Der Präsident der astronomischen Gesellschaft in London, Professor Airy, der, wie die Gartenlaube bereits früher mittheilte, das Gewicht der Erde ermittelte, hat nun schon vor einigen Wochen seine Collegen und ganz England aufgefordert, Vorbereitungen zur Feier und Benutzung dieses seltenen, wichtigen Himmelsfestes zu treffen. Es sei durchaus nicht zu früh, meint er, da bei der Wichtigkeit dieses Ereignisses alle astronomischen Kenntnisse und Hülfsmittel, alle Genialität und Weisheit, die Ermittelung der geeignetsten Beobachtungsplätze und deren Ausrüstung nöthig sein würden, um mit einiger Wahrscheinlichkeit auf einen genauen Erfolg rechnen zu können. Dieser Erfolg, auf den man rechnet, bezieht sich auf die dann eintretende Möglichkeit, endlich die Entfernung zwischen Sonne und Erde genau zu messen. Dies weiß man nämlich jetzt in Folge wissenschaftlicherer Beobachtungen nicht mehr genau, obwohl das Maß dieser Entfernung Jahr aus Jahr ein in allen Schulen gelehrt und auswendig gelernt wird.

Das Mittel dieser bestimmteren Messung ist durch das Licht gegeben, dessen Geschwindigkeit man genau kennt. Da man nun auch jetzt schon auf’s Haar weiß, wo und in welcher Secunde Venus über die Sonnenscheibe zu wandern beginnt, genau weiß und schon in Zeichnungen anschaulich gemacht hat, welchen Weg sie über die Sonnenscheibe machen und wo und in welchem Augenblicke sie den äußersten Rand der Sonne verlassen wird, so hat man in Beobachtung des Schattens etc. und mit Berechnung der Zeit, die zwischen dem wirklichen und scheinbaren Ein- und Austritt verfließt, das Mittel, die Entfernung zwischen Sonne und Erde astronomisch genau zu erkunden.

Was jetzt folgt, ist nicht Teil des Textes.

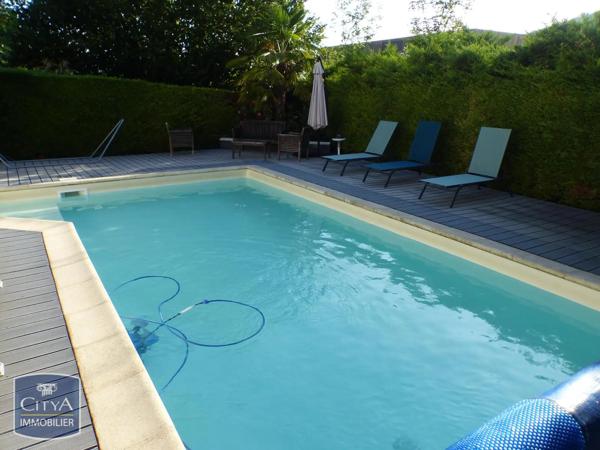 Maison à louer 5 pièces 118.29m² Seyssins (38180)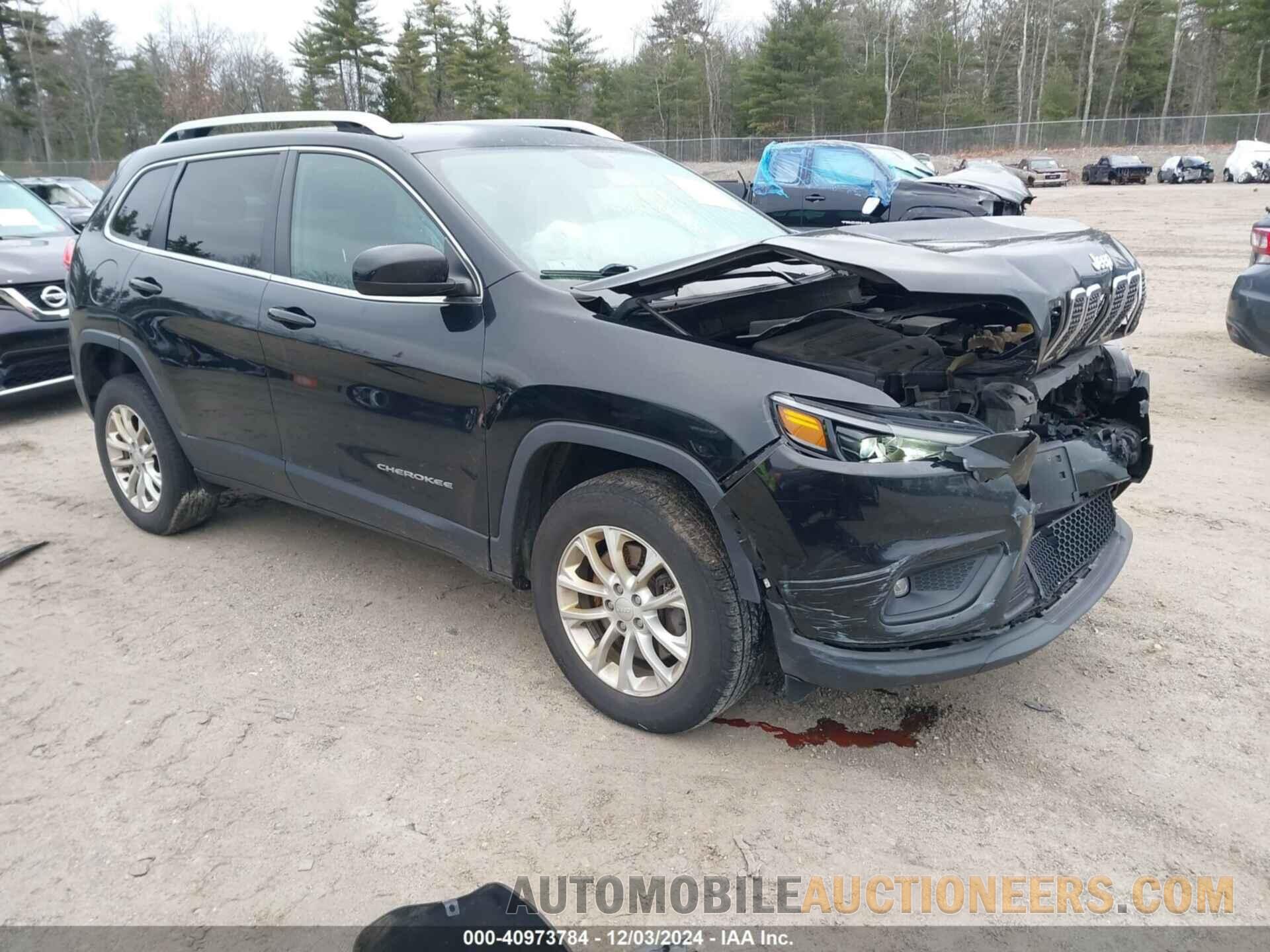 1C4PJMCB1KD489908 JEEP CHEROKEE 2019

Da diese Entfernung gewissermaßen die astronomische Himmelselle für alle andern Entfernungen ausmacht, wird man ohne weitere Kenntnisse wenigstens ahnen, wie wichtig die genaue Ermittelung dieses Ellenmaßes sein muß.

Warum aber achtzehn lange Jahre vorher rüsten und vorbereiten?

Dies ergiebt sich aus dem Umstande, daß die besten Beobachtungsgegenden unter dem 65. Grade südlicher Breite, also unter dem Polarkreise des südlichen Eismeers, liegen werden. Professor Airy trägt also darauf an, daß zunächst eine große See-Expedition ausgerüstet werde, welche untersuchen soll, ob sich der 65. Grad und wo er sich am besten erreichen lasse, ob dort fester Boden für Beobachtungsstationen aufzufinden sei etc. Da diese Forschungen ungünstig ausfallen könnten, müsse diese oder eine andere Expedition in jenen eisigen Gegenden andere geeignete Beobachtungsstationen zu ermitteln suchen. Das erfordere viel Geld, Zeit, Mühe, Wissenschaft und Opfer, und deshalb sei es durchaus nicht zu früh, schon jetzt anzufangen.

Für uns, die wir keine Astronomen sind, hat diese weit voraussehende kühne Wissenschaftlichkeit kein besonders warmes Interesse; aber es ist schön und einen Culturstaates würdig, wie dies England vor allen andern ganz besonders häufig und mit reichen Mitteln gethan hat und noch thut, den Männern der Wissenschaft Schiffe und Geld und sonstige Staatshülfe für ihre Zwecke zur Verfügung zu stellen. Leider denken die Lenker unserer deutschen Staaten von der Wissenschaft minder hoch.